I have noticed that lots of people have no idea what exactly is the whole "Unicode", "UTF-8", "UTF-16" and "UCS-2" stuff, aside from the fact that it's somehow related to the display of foreign characters. The objective of this post is to briefly explain them and dispel some of the myths associated with them.
Unicode is a coding system used to represent characters from many languages (including Japanese and Chinese) without the need to change your language locale. If you've tried writing Kanji in Medusa, you know what I'm talking about. In Unicode, characters are given an unique number. For example, the capital letter "A" is U+0041 (65 in decimal), and the Hiragana "ふ" is U+3075 (12405 in decimal). Characters are divided into planes of 65536 characters for convenience. Almost all common characters are in plane 0 (also known as the Basic Multilingual Plane, or BMP), which goes from code points U+0000 to U+FFFF. All kanji are in planes 0 and 2.

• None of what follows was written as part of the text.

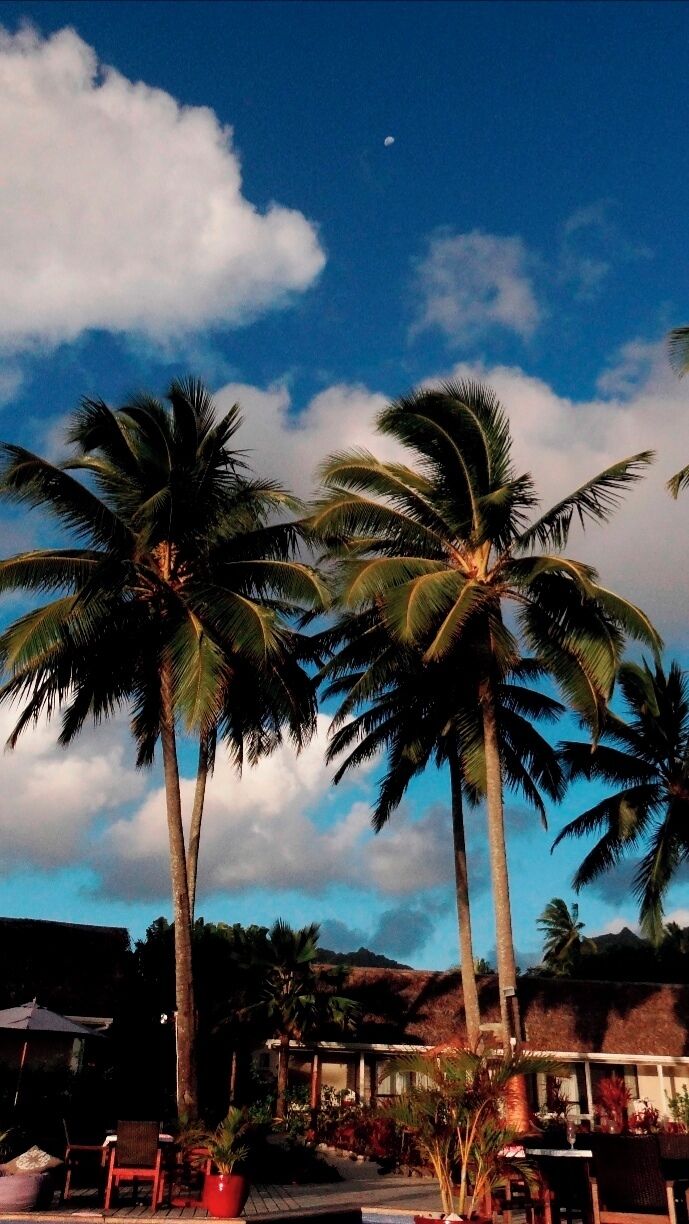The resort is made up of 24 bungalows with white sand walking paths throughout the resort. Swaying coconut palms and hibiscus flowers decorate the grounds too.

UTF-8, UTF-16 and UCS-2 are simply techniques used to encode those values into text files. Windows helped create a myth that Unicode is UTF-16 by calling UTF-16 "Unicode" in applications such as Notepad - but the fact is that UTF-16 is as much Unicode as UTF-8 is.

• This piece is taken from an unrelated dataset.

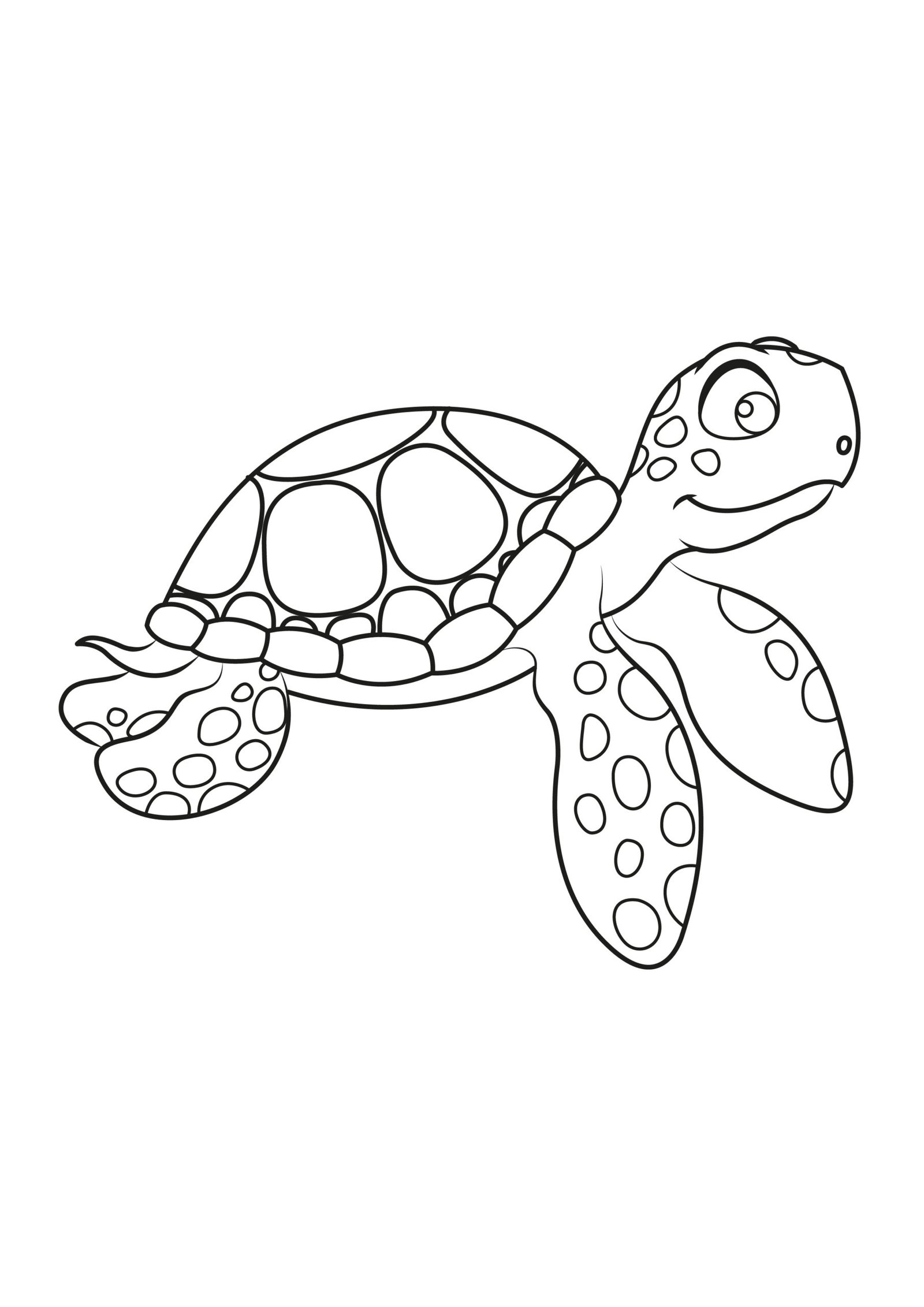 Sea Turtle Coloring Pages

UCS-2 (UCS = Universal Character Set) is an old encoding system that can store characters from the BMP by simply writing them as 16-bit values. The advantage of this system is that it's simple and covers most characters, but anything outside the BMP will fail catastrophically. That's why some Kanji have issues with some programs. An interesting consequence of UCS-2 is that it allows the mapping of characters that don't exist, such as the ones reserved for surrogate pairs (see the next paragraph).
UTF-16 (UTF = Unicode Transformation Format) builds on UCS-2. Indeed, for characters on the BMP, UTF-16 is identical to UCS-2; the difference lies in planes above the BMP. UTF-16 is capable of representing characters in planes 1 through 16 (even though no planes above 3 are specified yet) with a surrogate pair, that is, it uses two 16-bit values to store a character. This means that you can't measure the length of a UTF-16 string by counting how many 16-bit values it has!
UTF-8 is similar to UTF-16, but a character can be encoded as anything ranging from 1 to 6 bytes, although no character is mapped to anything that would be over 4 bytes long in UTF-8. Similarly to how UTF-16 is identical to UCS-2 for the BMP, UTF-8 is identical to Western encoding for the ASCII range (U+0000 to U+007F), making it "backwards compatible" with software that isn't Unicode-aware. It also means that text that is mostly composed of ASCII characters (such as, say, ASS subtitles) will be much shorter as UTF-8 than as other Unicode formats. That's why Aegisub uses UTF-8 as its standard format.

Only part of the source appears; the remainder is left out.